Season of Peace Reflection for 9/17

What good is it, my brothers and sisters, if you say you have faith but do not have works? Can faith save you? If a brother or sister is naked and lacks daily food, and one of you says to them, “Go in peace; keep warm and eat your fill,” and yet you do not supply their bodily needs, what is the good of that? So faith by itself, if it has no works, is dead. But someone will say, “You have faith and I have works.” Show me your faith apart from your works, and I by my works will show you my faith. You believe that God is one; you do well. Even the demons believe—and shudder. Do you want to be shown, you senseless person, that faith apart from works is barren? Was not our ancestor Abraham justified by works when he offered his son Isaac on the altar? You see that faith was active along with his works, and faith was brought to completion by the works. Thus the scripture was fulfilled that says, “Abraham believed God, and it was reckoned to him as righteousness,” and he was called the friend of God. You see that a person is justified by works and not by faith alone. Likewise, was not Rahab the prostitute also justified by works when she welcomed the messengers and sent them out by another road? For just as the body without the spirit is dead, so faith without works is also dead.

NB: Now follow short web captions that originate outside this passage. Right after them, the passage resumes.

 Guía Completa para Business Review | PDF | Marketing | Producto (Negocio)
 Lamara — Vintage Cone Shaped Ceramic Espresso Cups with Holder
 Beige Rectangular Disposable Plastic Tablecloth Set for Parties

Reflection: Indeed, nonviolent direct action is one of 10 practices for reducing violence and promoting peace that were identified by an ecumenical group of Christian ethicists brought together by Professor Glen Stassen of Fuller Theological Seminary and later taken up by the 210th General Assembly (1998) of the Presbyterian Church (U.S.A.) in its Resolution on Just Peacemaking and the Call for International Intervention for Humanitarian Rescue:

  1. Support nonviolent direct action.
  2. Take independent initiatives to reduce threat.
  3. Use cooperative conflict resolution.
  4. Acknowledge responsibility for conflict and injustice and seek repentance and forgiveness.
  5. Advance democracy, human rights, and religious liberty.
  6. Foster just and sustainable economic development.
  7. Work with emerging cooperative forces in the international system.
  8. Strengthen the United Nations and international efforts for cooperation and human rights.
  9. Reduce offensive weapons and weapons trade.
  10. Encourage grassroots peacemaking groups and voluntary associations.

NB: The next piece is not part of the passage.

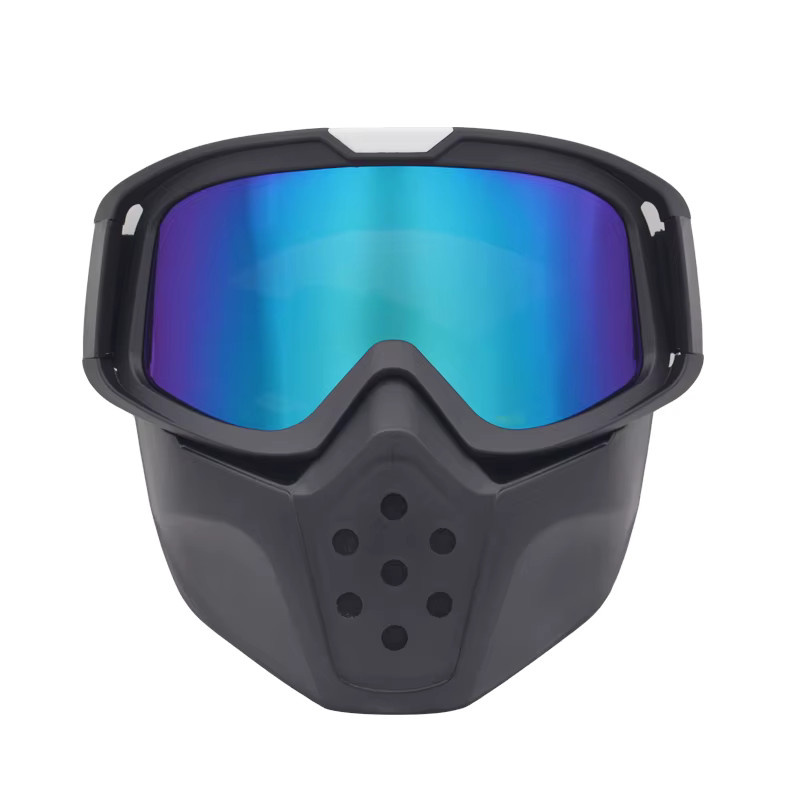 Karocola Retro Vollgesichtsmaske Offroad-Helm mit Schutzbrille in Schwarz - Bild 2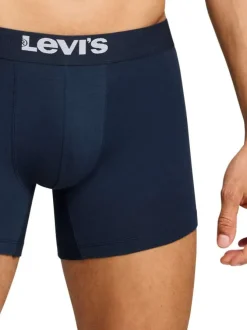 Lot de 2 boxers courts bleus en coton avec ceinture élastiquée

Question for discernment: New forms of just peacemaking and nonviolence include accompaniment (where persons from outside a situation protect persons and communities under threat), truth and reconciliation commissions (an alternative to taking revenge), public expressions of confession and repentance by leaders, citizen diplomacy, shared reconstruction projects, as well as demonstrations and forms of large-scale noncooperation with undemocratic regimes. How effective can such measures be, and how essential is it for the church to encourage them?

Prayer: Stir us from our comfort and complacency. Inspire us with prophetic vision. Instill in us a passion for the possible. Give us courage to speak truth to power. Help us heal the wounds of our broken world.